Ellen is Chief Executive of Education Partnership North East, which includes Sunderland College, Hartlepool Sixth Form and Northumberland College. Being an influential leader in the education sector and CEO of one of the largest college groups in the country, Ms Thinnesen, urged the Prime Minister and his cabinet members to ensure skills and training remain a government priority.
“I am extremely grateful to the University of Sunderland for inviting myself, along with our apprentices and my colleagues from other industries across the city, to join a reception with the Prime Minister and his Cabinet.
“It was an excellent opportunity to express how critical it is that this Government ensures further education and skills, and its relationship to levelling up the North East economy, remains high on the political agenda”.
Thanking the Prime Minister and Chancellor for the modest investment in 16 to 18-year-old funding for education and skills expected next year, Ellen reminded them that it is only a fifth of what is required and that sustained investment is vital to our country and the region’s economic future.

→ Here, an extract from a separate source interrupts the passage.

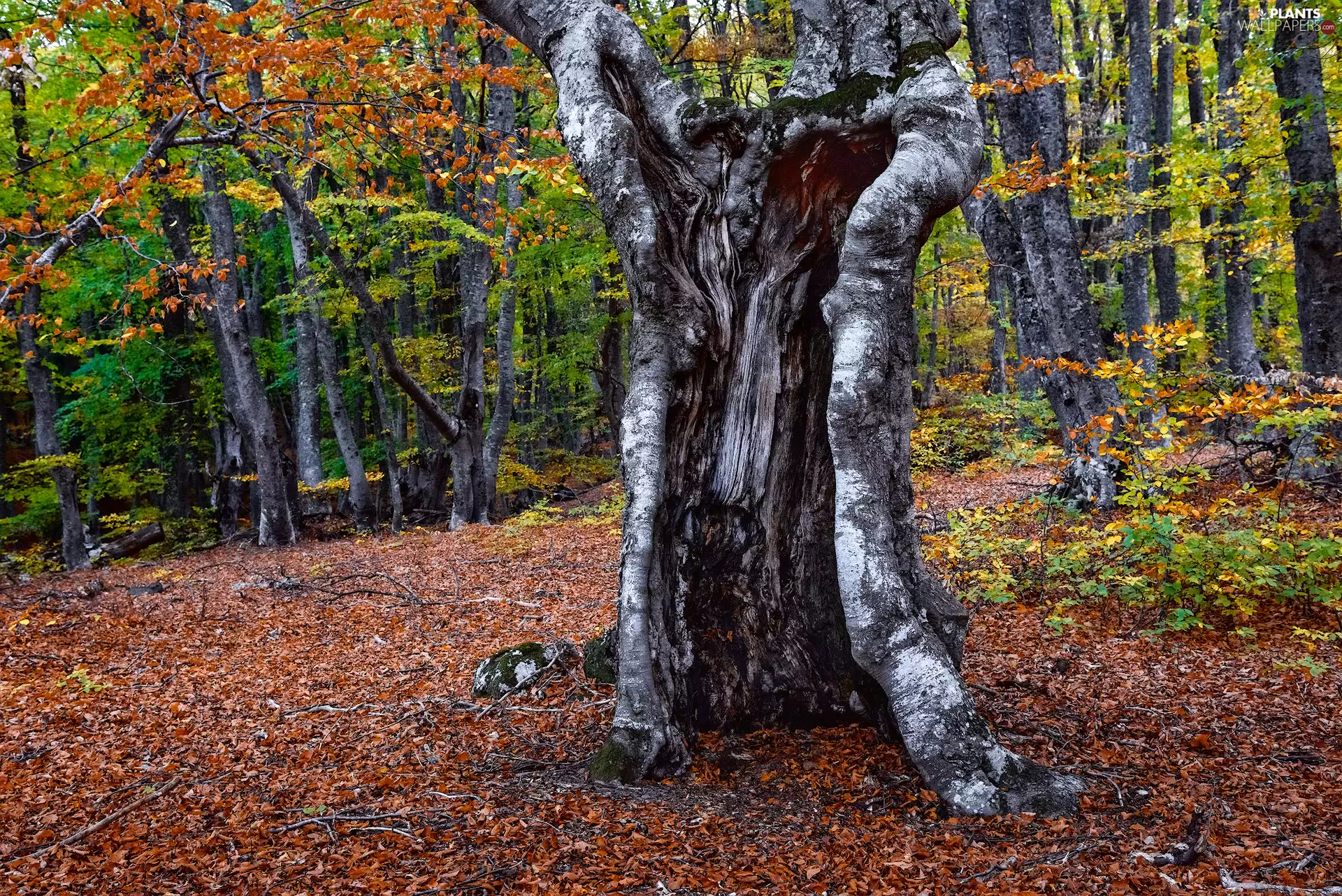 Cracked, trunk, trees, viewes, forest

Ellen expanded on discussions with Sajid Javid, Chancellor of the Exchequer, and Rishi Sunak, Chief Secretary to the Treasury, further raising the priority of funding for apprenticeships to support small and medium sized businesses across the country, and funding for training and retraining adults to support shift in workforce skills needs following Brexit.
“We spoke about delivering on manifesto promises including a proposed and long overdue £2 billion investment in college infrastructure, and the potential opportunity that could be realised if such a fund also included a focus on supporting resource specialisation i.e. within modern manufacturing and construction technologies.”
“It was important to talk directly with Cabinet members about the proposed National Skills Fund and the significant role that Sunderland College and the wider college group, along with other further education colleges, play within the North East and across the country.
“We talked about education reforms including English and maths, digital skills and T Levels, and the creation of Education Partnership North East. I enlightened several Cabinet members to specific examples of how education and business across Sunderland and the wider region are working collaboratively to drive forward socio-economic and skills-based priorities.”
The Association of Colleges, of which Ellen is an active board member, is a great champion of the sector at a national level. It welcomed the opportunity that this visit provided:
Association of College’s Chief Executive, David Hughes, said:
“It’s really encouraging to see the Prime Minister continuing to express interest in the further education sector, showing how he recognises their vital importance in his Government’s ambitions for our country.
“Along with the Education Secretary and the Chancellor, we can start to see that the tide is changing for further education. I am looking forward to the upcoming spring budget which I hope will confirm that there is investment to back up the support. Colleges are ready to play a prominent and leading role in levelling up the country and reaching the left behind people and places.”